Buckle up! This is going to be a ride. This is going to be the tip of the iceberg when it comes to how to conduct an interview, but here we go!

It comes down to the answers to a few simple questions with many interviews: Would I grab a beer with them? Would I let them watch my dog?

That is what you’re trying to figure out when doing an interview. When you conduct interviews, you research “what I am not allowed to ask.” What you’re not allowed to ask does not matter. If you look through the lens of what we’re about to enter, you’re allowed to ask questions based on everything we’re going to explain.

In his book courageous leadership, Bill Hybels lays out the three C’s you want for a team member. They are chemistry, competency, and character.  In a 30-minute interview, you will not be able to grasp all of the 3 C’s. That’s why the first 90 days are when the interview starts. The actual 30-minute consultation Is simply trying to get a feel for if you would grab a beer with them and if you would let them watch your dog. So much goes into this app over time.

Chemistry:  Does this person jive well with me, the organization, and the person they would be directly working with?

Competency:  Does this person have the social cues to fit in my culture, and are they competent on the job? Do they know about whatever you work on, present or sell? Do they know how that works?

Character:  Who are they when no one is looking?

So when conducting an interview, I have three sections labeled chemistry,  competency, and character. I have some pre-written questions, but I also asked questions at the moment that communicate one of these three things. You get the job if all three are met in the 30-minute interview. Then the next 90 days are to test your character.

One of the questions I asked to test your character is, do you have a family? If you answer yes, I want to see that you’ve been involved in your kids’ lives. If you’re that father who works all the time and tries to get away from the family, you may be suitable for some employers but not me. All of our people care about their families. All of our people wave the flag that says, “this company allows me to spend time with my family and the service industry.” So would the workaholic fit in with my culture? 

Chemistry:  in an interview, I’m always looking for a laugh. The person is typically nervous, but if I enjoy talking to you, even if you’re worried, I want you to be part of my team. This is the grab-a-beer part. Let’s say your company gets bigger, and you get to be 15, 20 employees or even maybe fifty to sixty. Well, if you hire them all on technical ability, they will 100% leave for more money elsewhere.

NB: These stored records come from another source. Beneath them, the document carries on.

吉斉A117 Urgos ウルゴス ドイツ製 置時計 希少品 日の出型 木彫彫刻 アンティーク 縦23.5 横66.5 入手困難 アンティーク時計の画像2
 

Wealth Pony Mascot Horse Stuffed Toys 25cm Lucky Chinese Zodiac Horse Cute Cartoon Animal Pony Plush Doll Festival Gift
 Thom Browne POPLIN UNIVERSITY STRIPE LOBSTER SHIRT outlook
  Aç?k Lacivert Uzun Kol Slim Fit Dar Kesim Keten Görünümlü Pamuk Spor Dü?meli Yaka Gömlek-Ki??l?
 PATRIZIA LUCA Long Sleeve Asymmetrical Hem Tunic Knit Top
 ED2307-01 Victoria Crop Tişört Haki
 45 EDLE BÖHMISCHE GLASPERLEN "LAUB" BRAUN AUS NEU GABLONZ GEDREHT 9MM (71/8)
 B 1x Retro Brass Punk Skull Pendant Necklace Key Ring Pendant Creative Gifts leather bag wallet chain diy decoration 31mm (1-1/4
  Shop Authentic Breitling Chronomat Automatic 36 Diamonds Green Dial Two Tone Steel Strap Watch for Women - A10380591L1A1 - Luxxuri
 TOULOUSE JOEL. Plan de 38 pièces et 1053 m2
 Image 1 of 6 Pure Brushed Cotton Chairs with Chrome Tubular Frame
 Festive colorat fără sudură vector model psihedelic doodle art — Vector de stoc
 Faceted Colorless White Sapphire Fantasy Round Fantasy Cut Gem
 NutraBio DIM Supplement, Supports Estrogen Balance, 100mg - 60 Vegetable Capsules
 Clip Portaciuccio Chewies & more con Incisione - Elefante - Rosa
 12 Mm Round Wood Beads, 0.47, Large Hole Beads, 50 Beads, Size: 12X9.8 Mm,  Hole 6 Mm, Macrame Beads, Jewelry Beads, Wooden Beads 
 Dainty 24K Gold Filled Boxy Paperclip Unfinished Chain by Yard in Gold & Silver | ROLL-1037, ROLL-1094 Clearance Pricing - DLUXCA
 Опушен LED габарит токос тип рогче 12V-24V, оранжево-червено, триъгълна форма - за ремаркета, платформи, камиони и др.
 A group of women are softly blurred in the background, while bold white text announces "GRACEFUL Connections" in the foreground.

If you hire based on these three metrics, they will get along very well, then they’ll create such a strong bond that they won’t want to leave your company. Suppose you sign up for the 1-hour consultation, and this is what interests you. In that case, I can tell you the story about how one of my employees was opening for a rock band, and I showed up without telling anyone. The entire company was there, and no one said anything about meeting up or being there. It’s just that everyone wanted to support Dave. That’s a culture you cannot beat, and a lot goes into creating that, but I can tell you about that more at another time. 

Competency:  If everyone in your organization is a competent person that understands that it does not matter who dropped the ball, it just matters that the ball got picked back up, that they can think outside the box and they can solve problems, and they have the autonomy to do that, then people will jive with each other and have better chemistry together. Competency is low on the list. We just want to ensure we don’t hire anyone who doesn’t know the job. That also reverts back to character, because if they’re saying they know more than they do, then their competency and character are void.